An uncertain existence

My contract at Imperial finishes at the end of the month. NERC have agreed in principal to additional funding for a nifty graphical interface to the Entangled Bank database that I have been creating for the last year. However, contractual issues between are delaying the funding and indeed potentially may scupper the whole exercise. Presuming the money is going to arrive, I will then have to apply to do the work in an open competition.

Such situations are common in academia and extremely stressful to live through, especially when it affects others. I am lucky that Mary is very supportive but this situation weighs heavily on our lives. How long do I wait for the funding to come though? - these things can take months. Should I apply for another post-doc and move the family for yet another short-term contract, or find a (probably less interesting) permanent non-academic post? Applying for jobs is very time consuming so these are important decisions. Write papers or job applications? Stop and establish a long-term relationship with a place or another temporary holding position? The older we, and Ben get, the more stability and a home beckon.

Wednesday, 7 July 2010

PostGIS select across the +180/-180 meridian with a bounding box

Many geographical information systems, e.g. PostGIS, treat the earth as a Cartesian plane, despite data being in a geographical coordinate system with latitudes and longitudes. This is annoying when, for example, you want to select geometries that overlap, or are within, a bounding box that crosses the +180/-180 meridian. I have just implemented PostGIS cross +180/-180 meridian bounding box searches in the Entangled Bank as follows :

To select geometries that OVERLAP a box that extends from 90E over the meridian to 90W intersect (&&) the_geom with a pair of boxes either side of the meridian:

the_geom && ST_MakeBox2D(ST_Point(+90, -90), ST_Point(+180, +90))
OR the_geom && ST_MakeBox2D(ST_Point(-180, -90), ST_Point(-90, +90)
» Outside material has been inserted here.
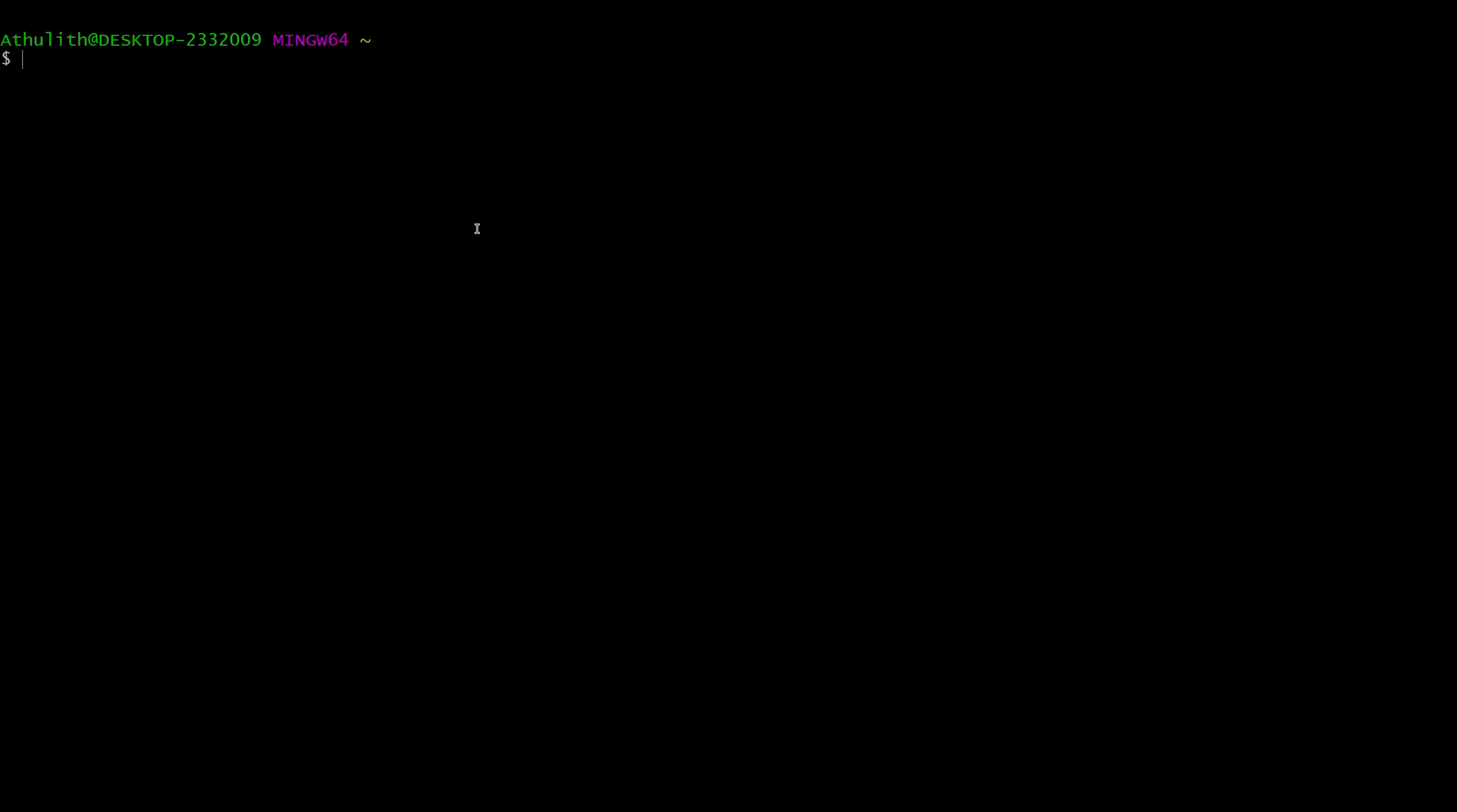First we'll start with the present working directory command. Directory basically means folder, like C drive or maybe your personal folder. For that you just have to type pwd. See, users/athlete, that's where the software is.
Select geometries that are WITHIN the box is slightly more complex as those that intersect the line that bounds the select box must be excluded. In PostGIS using the well-known-text format to code line the query is:

the_geom && ST_MakeBox2D(ST_Point(+90, -90), ST_Point(+180, +90))
OR the_geom && ST_MakeBox2D(ST_Point(-180, -90), ST_Point(-90, +90)
AND NOT the_geom && ST_LineFromText('LINESTRING(+180 +90, +90 +90, +90 -90, 180 -90)')
AND NOT the_geom && ST_LineFromText('LINESTRING(-180 +90, -90 +90, -90 -90, -180 -90)')"
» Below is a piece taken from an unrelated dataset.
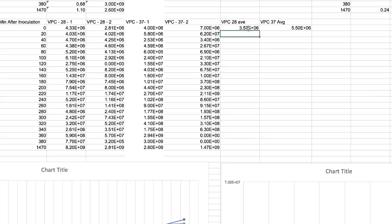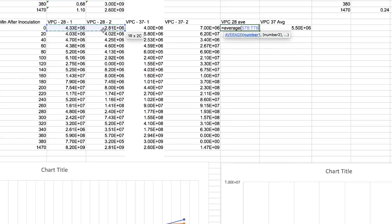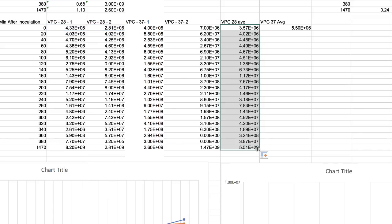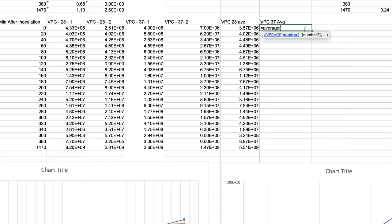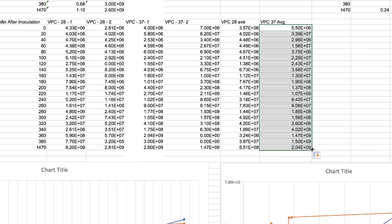To calculate the average of the viable plate count replicates, type equals average, then click and drag across those two values — there it is. Then drag the formula down to fill the rest. Do the same for the 37-degree values: equals average, click and drag the 37-degree values, boom — you've got the whole thing.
When I have time I shall write the required function.



Tuesday, 6 July 2010

How to prune a tree given a list of nodes to include?
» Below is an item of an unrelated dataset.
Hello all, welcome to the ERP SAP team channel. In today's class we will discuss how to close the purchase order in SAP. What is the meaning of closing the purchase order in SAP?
I have a tree and a list of nodes that define a subtree. How do I prune the tree?

It took me a while to work this one out, so to save anyone else the trouble here is some pseudo code showing how I went about it.

Begin your tree by setting the least common ancestor of the node list as the root node, then 'walk the tree' using the subroutine walk: walk(parent, parent, 0) :

sub walk (parent, ancestor, distance from ancestor to parent) {

For each (child of parent with nodes) {

Case (Count(children) of parent with nodes) {
0: Return
1: Case(Count(grandchildren of child with nodes)) {
0: add_child()
1: walk(child, ancestor, distance())
>1: add_child()
walk(child, child, 0)
}
>1: Case(Count(grandchildren of child with nodes)) {
0: add_child()
1: walk(child, ancestor, distance())
>1: add_child()
walk(child, child, 0)
}
}
}
return
}

Where, 'with nodes' is true where the node or any descendant nodes are in the list.

add_child(ancestor) adds the child as a descendant of the ancestor with distance from the ancestor to the child.

distance() sums the distance from parent to child to the combined distance from the ancestor to the parent calculated.